Already he felt superior to those poor unfortunates locked inside. Not for them the speedy payment of a fine, paid from bulging ancestral coffers.
His thoughts felt clearer now than they had for many months and Beauchamp vowed to go easy on the opiatix, perhaps even give it up for good.
Beauchamp was marched along some depressingly drab corridors, filed through several offices, and made to sign various forms, none of which he read, before finally being allowed to depart the detention level.
His spirits soared as he entered the elevator, carrying a bundle of his own clothes. They were absolutely filthy and he doubted whether even his faithful servants could get the stains from them.
He licked his lips as the elevator doors opened and he was again marched through a series of featureless corridors towards his freedom. Eventually, he was led to a plain room containing a chipped table and chairs bolted to the floor. A judge pushed him into one of the seats and said, ‘Wait.’
Beauchamp nodded and crossed his arms, propping his feet up on the table as his former arrogance and poise began returning.
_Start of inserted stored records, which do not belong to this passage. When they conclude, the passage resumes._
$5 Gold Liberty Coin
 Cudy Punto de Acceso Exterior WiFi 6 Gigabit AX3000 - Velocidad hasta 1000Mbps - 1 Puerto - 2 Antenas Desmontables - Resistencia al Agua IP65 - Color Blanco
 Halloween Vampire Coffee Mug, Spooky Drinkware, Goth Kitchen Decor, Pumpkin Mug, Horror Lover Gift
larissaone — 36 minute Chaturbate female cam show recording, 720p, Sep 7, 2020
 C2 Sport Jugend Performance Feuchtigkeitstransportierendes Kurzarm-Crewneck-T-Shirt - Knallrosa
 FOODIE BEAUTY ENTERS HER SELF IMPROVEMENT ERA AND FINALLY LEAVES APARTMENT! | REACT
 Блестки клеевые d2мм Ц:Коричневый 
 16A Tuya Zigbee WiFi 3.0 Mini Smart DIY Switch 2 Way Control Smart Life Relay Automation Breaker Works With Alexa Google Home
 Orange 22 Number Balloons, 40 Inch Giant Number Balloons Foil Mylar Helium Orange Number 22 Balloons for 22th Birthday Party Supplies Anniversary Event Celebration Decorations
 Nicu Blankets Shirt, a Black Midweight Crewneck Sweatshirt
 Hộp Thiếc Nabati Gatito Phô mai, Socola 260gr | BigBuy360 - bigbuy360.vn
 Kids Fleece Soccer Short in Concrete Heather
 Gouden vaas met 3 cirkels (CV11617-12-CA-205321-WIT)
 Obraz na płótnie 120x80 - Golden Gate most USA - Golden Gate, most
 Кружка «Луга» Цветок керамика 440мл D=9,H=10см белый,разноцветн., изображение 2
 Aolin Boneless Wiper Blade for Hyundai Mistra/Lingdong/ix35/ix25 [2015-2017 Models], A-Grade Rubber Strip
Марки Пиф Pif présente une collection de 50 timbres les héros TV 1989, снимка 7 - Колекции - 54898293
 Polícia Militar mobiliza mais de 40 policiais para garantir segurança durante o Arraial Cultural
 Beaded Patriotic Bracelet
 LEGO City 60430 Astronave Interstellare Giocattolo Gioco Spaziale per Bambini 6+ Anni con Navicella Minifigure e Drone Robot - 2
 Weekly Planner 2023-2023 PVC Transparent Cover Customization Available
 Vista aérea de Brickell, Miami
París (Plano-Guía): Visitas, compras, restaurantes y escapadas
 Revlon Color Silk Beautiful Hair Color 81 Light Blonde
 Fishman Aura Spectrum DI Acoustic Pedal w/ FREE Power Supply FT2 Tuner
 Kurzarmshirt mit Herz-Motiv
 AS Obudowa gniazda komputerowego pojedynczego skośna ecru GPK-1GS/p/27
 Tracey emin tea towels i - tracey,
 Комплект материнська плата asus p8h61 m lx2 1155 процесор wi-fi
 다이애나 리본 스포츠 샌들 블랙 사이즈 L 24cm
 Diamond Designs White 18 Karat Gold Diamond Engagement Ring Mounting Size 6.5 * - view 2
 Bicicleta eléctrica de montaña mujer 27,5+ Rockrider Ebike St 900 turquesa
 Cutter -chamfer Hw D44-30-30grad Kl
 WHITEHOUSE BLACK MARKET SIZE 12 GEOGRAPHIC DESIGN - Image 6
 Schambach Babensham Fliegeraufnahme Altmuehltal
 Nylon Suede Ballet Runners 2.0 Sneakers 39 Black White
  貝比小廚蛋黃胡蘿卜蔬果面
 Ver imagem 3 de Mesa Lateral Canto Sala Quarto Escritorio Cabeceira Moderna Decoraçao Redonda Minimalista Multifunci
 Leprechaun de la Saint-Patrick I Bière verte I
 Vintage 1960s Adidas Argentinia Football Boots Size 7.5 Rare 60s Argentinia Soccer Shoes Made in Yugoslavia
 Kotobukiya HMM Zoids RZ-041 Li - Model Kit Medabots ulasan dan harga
Long minutes passed and he began to get restless, pacing the small room as his impatience mounted. Tired of pacing, he returned to the chair as he heard the locks on the door disengage.
A new judge entered, leading a heavyset man in long robes with a short, neatly trimmed beard. The new arrival carried a metal box and wore an Abrogas cartel pin in his lapel, but Beauchamp didn’t recognise him.
The judge left the room as the Abrogas man sat opposite Beauchamp and slid the box forward across the table.